Bu arada, 27 Mayıs 1960 tarihinde darbeyi yapan albaylar cuntası, Gnl.Krm.Bşk. dahil çok kişiyi emekli etmişlerdi. Yani aslında bir darbe de orduya yapmışlardı. Hatta, Milli Birlik Komitesi de aslında idamlardan yana değildi ama bazı genç subayların Yassıada’ya baskın yapacakları ve idamları bizzat uygulayacaklarını öğrenmişlerdi. Bir nevi idam kararı vermeye üyeler mecbur bırakılmış oldu.

MBK’si kendi denetiminde bir Kurucu Meclis oluşturarak yeni anayasa çalışmalarını başlattı. 6 Ocak 1961’de çalışmalarına başlayan Anayasa Komisyonu tarafından hazırlanan ve MBK tarafından onaylanan anayasa taslağı 27 Mayıs 1961’de Kurucu Meclis’in kabul etmesinden sonra 1961 Anayasası olarak halk oylamasına sunuldu. Bu yeni anayasa taslağı CHP’nin 1959 yılındaki XIV. Kurultayı’nda kabul edilen ve “İlk Hedefler Beyannamesi” adıyla yayınlanan Bildiriden alınmıştır. 9 Temmuz 1961’de yapılan ve yüzde 80 katılımın olduğu halk oylamasında yeni anayasa yüzde 61.5 “Evet”, yüzde 38.5 “Hayır” oyuyla kabul edildi. Yeni anayasanın yürürlüğe girmesinin ardından 15 Ekim 1961 genel seçimlerinin yapılmasına karar verildiği sırada, yeni döneme özgü bir tarzda askeri icazet ve vesayet devreye girdi. MBK ile seçimlere katılacak olan siyasi partiler arasında “yuvarlak masa toplantıları” denilen görüşmeler yapıldı. 31 Ağustos 1961 -5 Eylül 1961 tarihleri arasında yapılan bu toplantılardan sonra siyasi parti liderleri MBK’ ye,

a)27 Mayıs 1961 Askeri Müdahalesi’ni siyasi çıkarlarına alet etmeyeceklerine; MBK’ yi seçim meydanlarında eleştirmeyeceklerine;

b)Atatürk reformlarını koruyacaklarına;

c)İslamiyet’i siyasal amaçları doğrultusunda kullanmayacaklarına;

d)aşırı sol ve aşırı sağ düşüncelere karşı mücadele edeceklerine dair, MBK üyelerine garanti verdiler.

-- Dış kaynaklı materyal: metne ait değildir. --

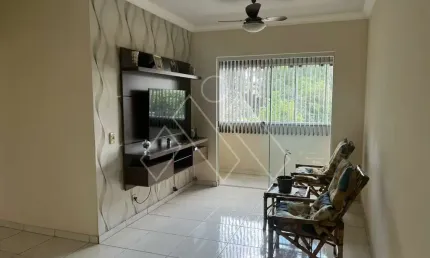 Apartamento com 3 quartos, 78 m², à venda por R$ 180.000
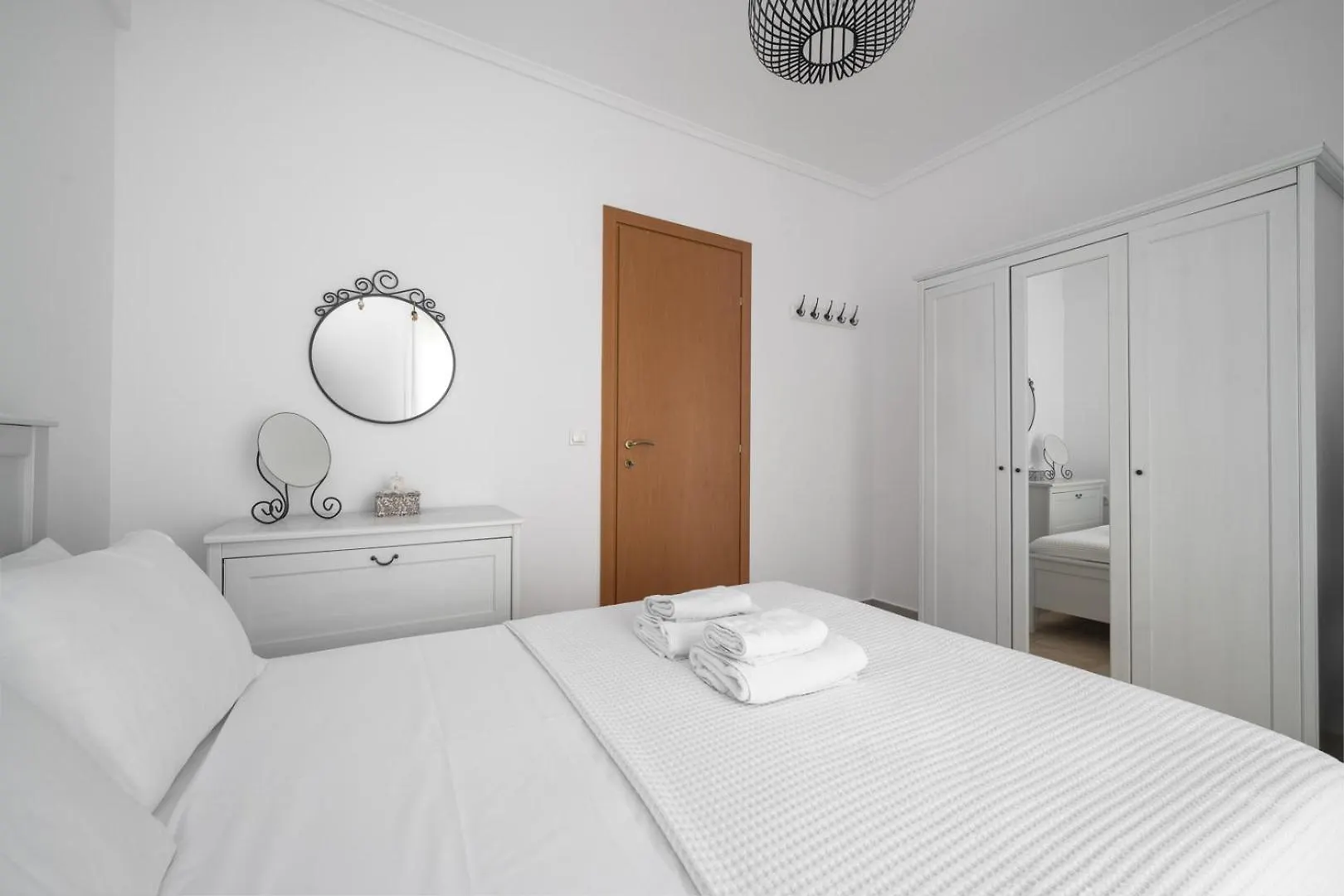 Nikiti Sea Breeze By Luxlikehome Nikiti (Sithonia)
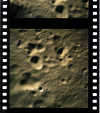 AS15-97-13141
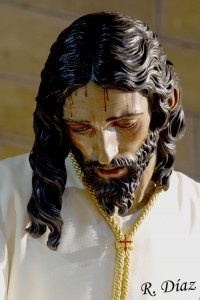 Jesús Nazareno (6)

Bu “milli mutabakattan” sonra 15 Ekim 1961 tarihinde genel seçimlere gidildi.

Milleti temsil vasfını kaybetmiş olan meclisi ve hükümeti dağıtma adı altında yapılan darbe aslında Amerikancı kesimlere yapıldığı için sol ve sosyalist hareketlerde askeri darbeyi, “Tek parti diktatörlüğüne yönelen Demokrat Parti iktidarına karşı ordunun demokratik hak ve özgürler için yaptığı” meşru bir hareket olarak görmüş ve desteklemiştir.

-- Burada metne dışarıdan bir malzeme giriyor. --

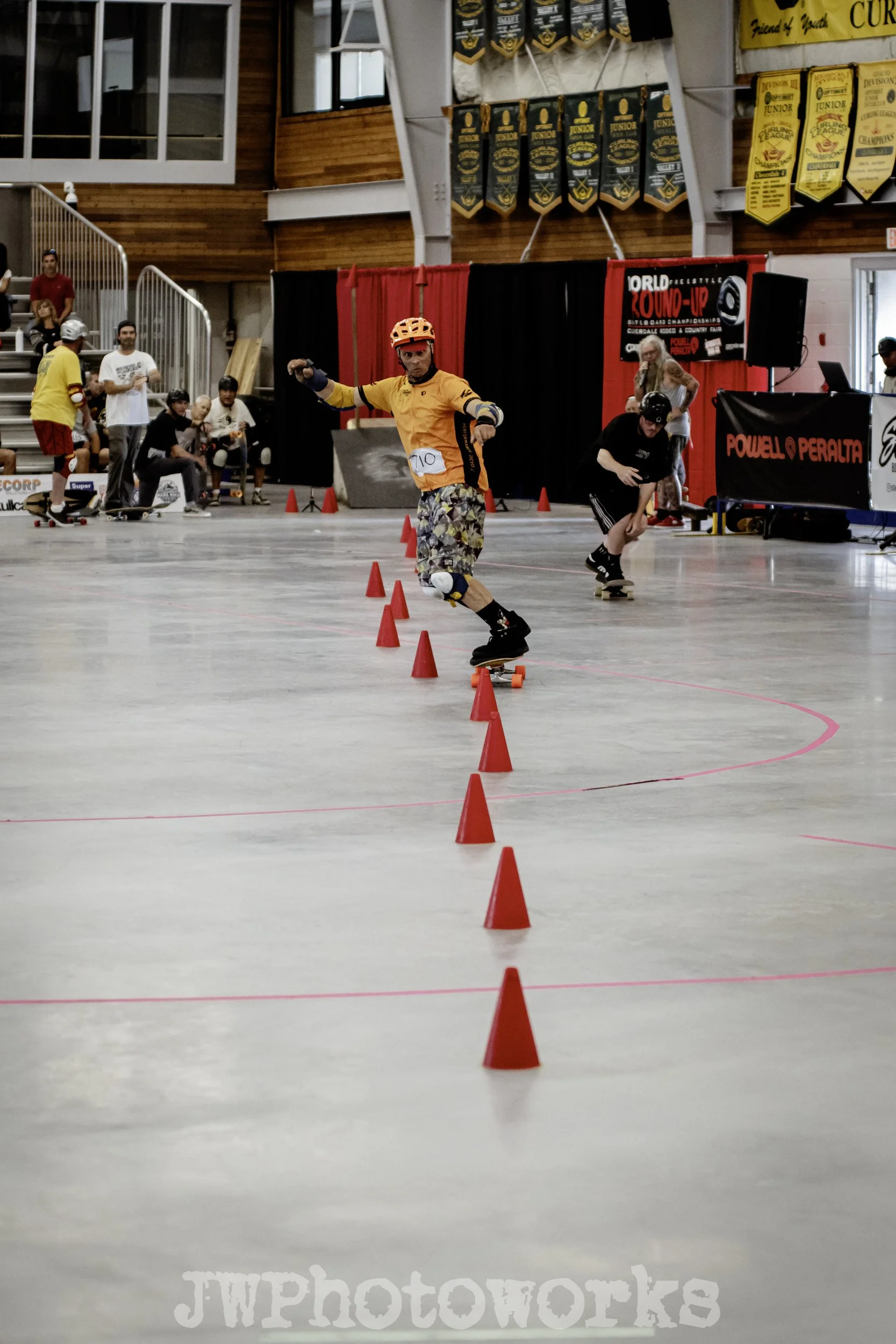 Skateboard Championship -0217.jpg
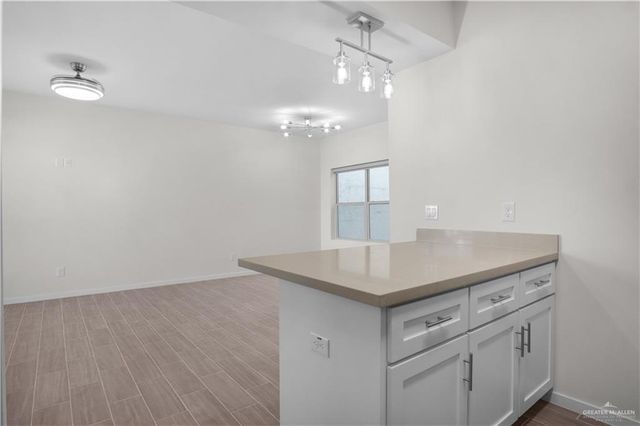 6821 N 5th Street, Mcallen, TX 78504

Son olarak, Adnan Menderes köklü bir servet sahibi aileden gelmiş. Yurtdışında hukuk tahsil etmiş, Cumhuriyet dönemine geçtikten sonra arazisinin büyük bir bölümünü halka, ahaliye dağıtmış bir ailenin çocuğudur. Kuva-i milliye nişanı vardır ve Afyon da Atatürk’ü bizzat gezdirmiş ve hatta kendisi Atatürk tarafından CHP’ye davet edilmiştir. Cumhuriyet değerlerine bağlıdır ve siyasal İslamcılar ile arası da iyi değildir. İktidara geldikten sonra, çocuklarını tamamen ticari hayattan menetmiş birisidir. Hiçbir şaibeli işe çocuklarının ismi karışmamıştır. Şu an dünyaya tekrar gelse AKP’ lileri sopa ile kovalar. Fikren Turgut Özal’a yakın olabilir ama RTE ile temas dahi kurmaz. Yani merkez sağ bir parti olarak DP’yi ele alabiliriz ama siyasal İslamcı bir parti olarak asla düşünemeyiz.